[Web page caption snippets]

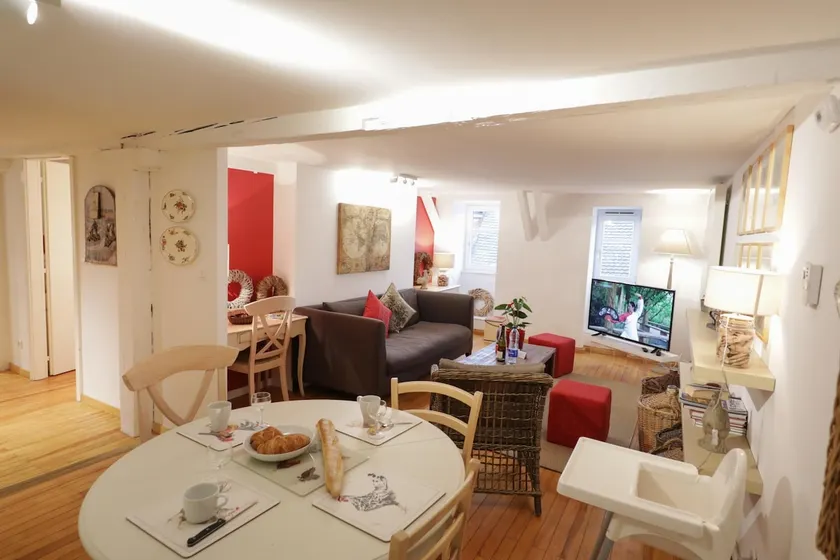 marzolff 79 m2 city center   2br - Image 1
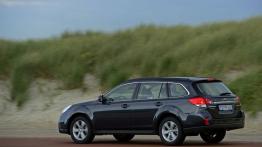 Subaru Outback IV Facelifting - widok z tyłu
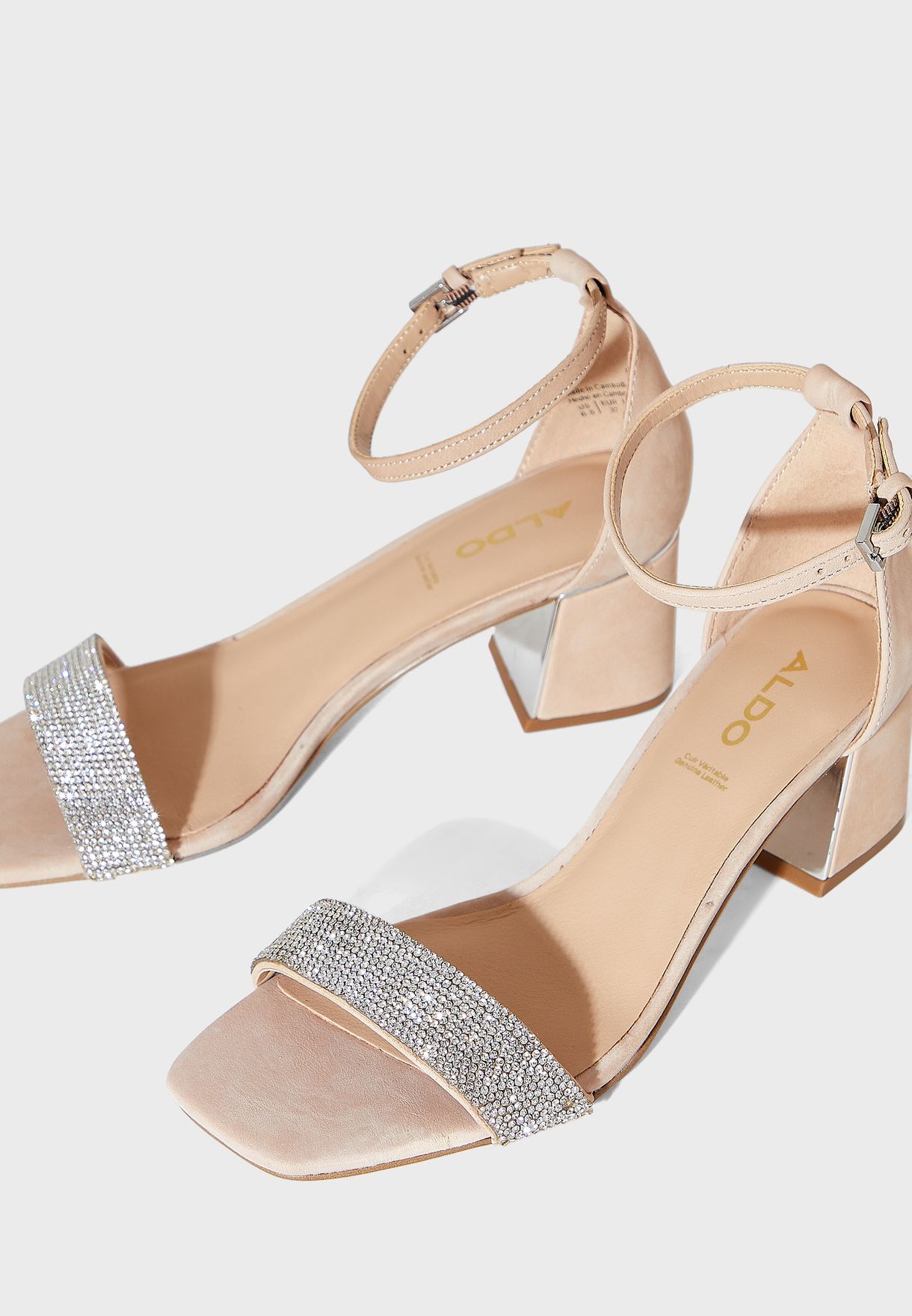 Kedeaviel Sandals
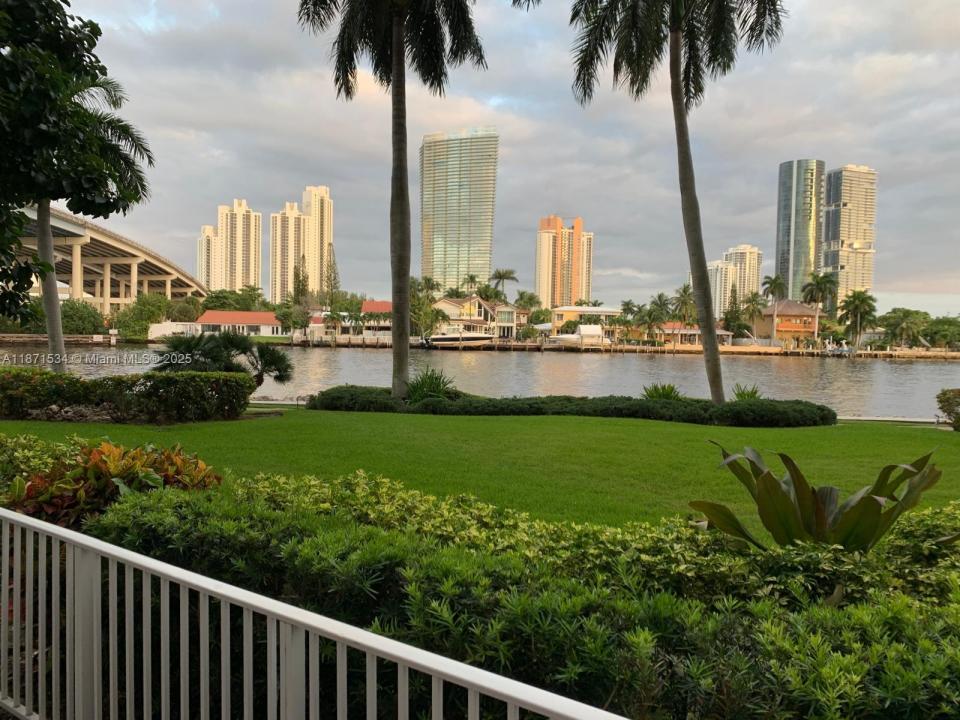 19195 NE 36th Ct 107, Aventura, Florida 33180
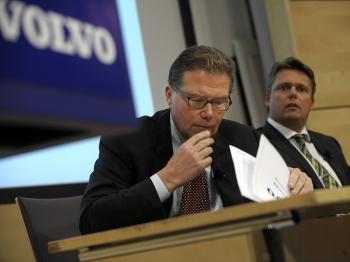 The chief executive officer of Swedish automaker Volvo, Leif Johansson (L), gives a press conference on February 6, 2009 in Stockholm, to present 2008 financial results.    (Fredrik Sandberg/AFP/Getty Images)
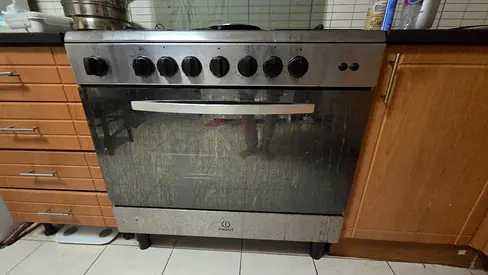 Cookjng range - 5 burner in good working condition
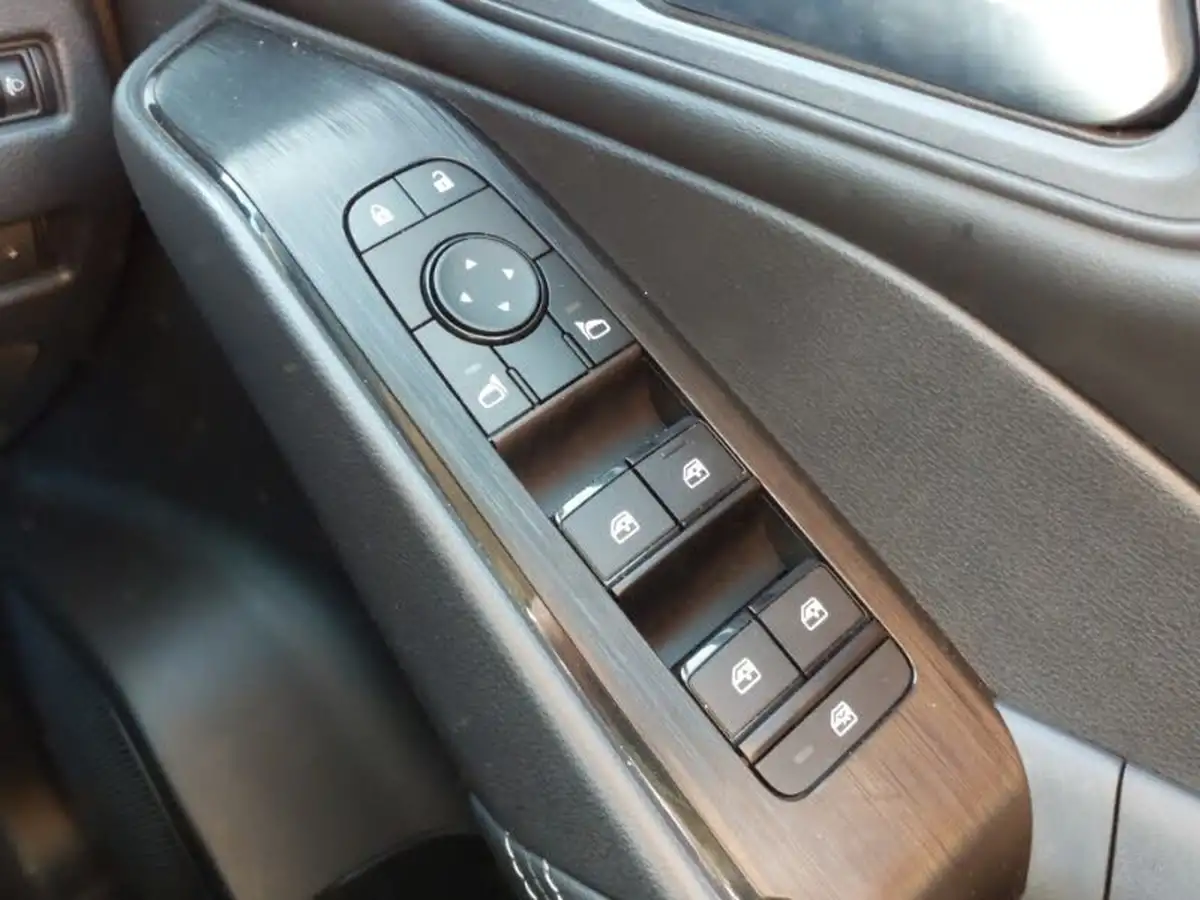 2021-nissan-qashqai-13-dig-t-visia-big-11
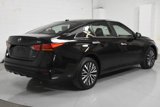 Used 2023 Nissan Altima 2.5 SV image 2
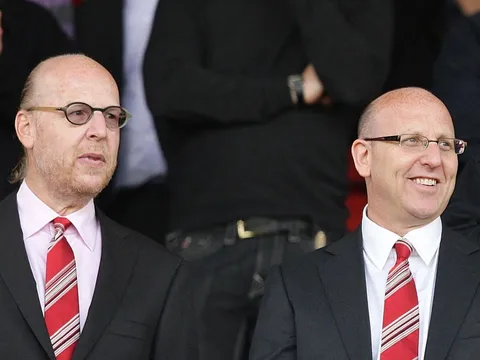 Cùng là chủ Mỹ tại sao Liverpool hưng thịnh còn Man Utd suy tàn?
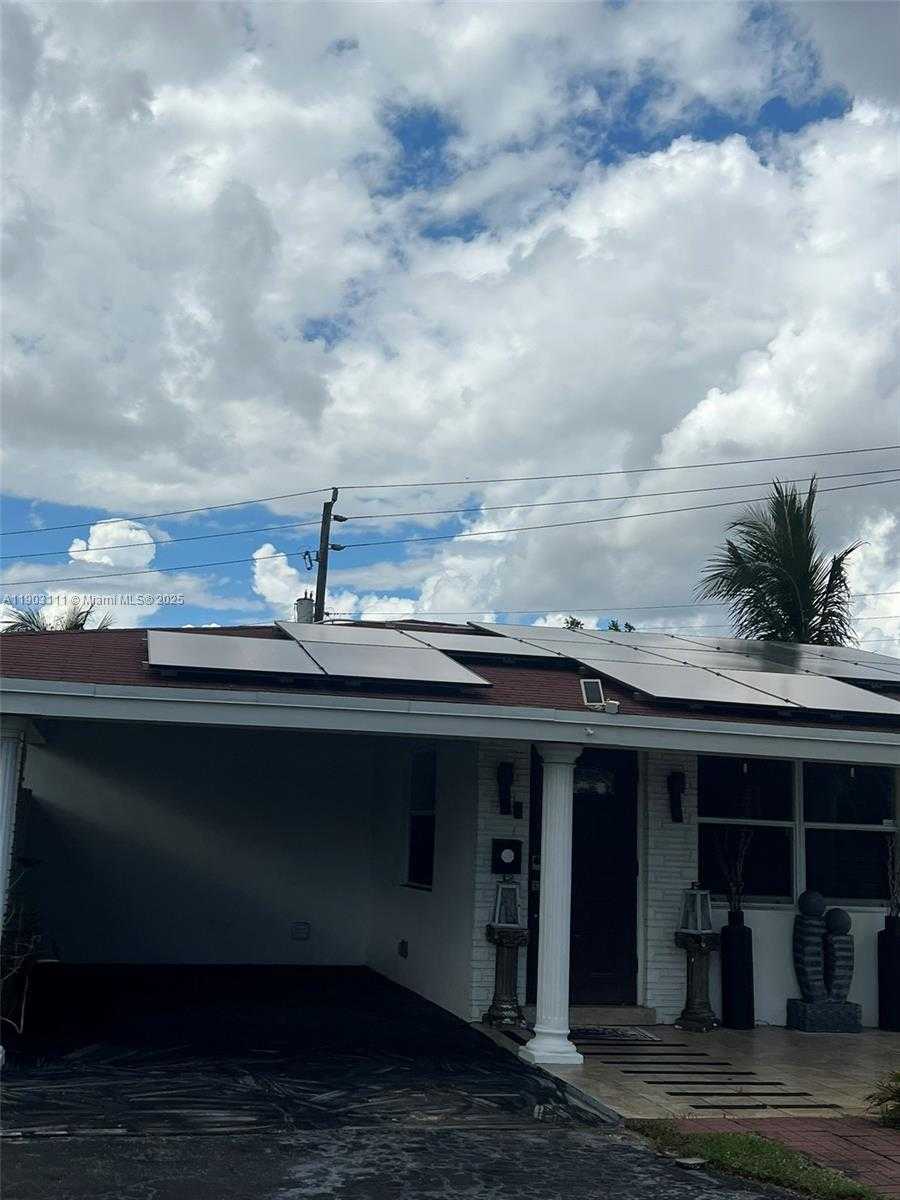 Small Image of 281 NORTH EAST 41ST ST, Oakland Park Number 4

● Work required
Print the stretch of the data from the line with "Kedeaviel Sandals" through its last line, exactly and with both ends kept. Omit pictures.

● Solution for this task
 Kedeaviel Sandals
 19195 NE 36th Ct 107, Aventura, Florida 33180
 The chief executive officer of Swedish automaker Volvo, Leif Johansson (L), gives a press conference on February 6, 2009 in Stockholm, to present 2008 financial results.    (Fredrik Sandberg/AFP/Getty Images)
 Cookjng range - 5 burner in good working condition
 2021-nissan-qashqai-13-dig-t-visia-big-11
 Used 2023 Nissan Altima 2.5 SV image 2
 Cùng là chủ Mỹ tại sao Liverpool hưng thịnh còn Man Utd suy tàn?
 Small Image of 281 NORTH EAST 41ST ST, Oakland Park Number 4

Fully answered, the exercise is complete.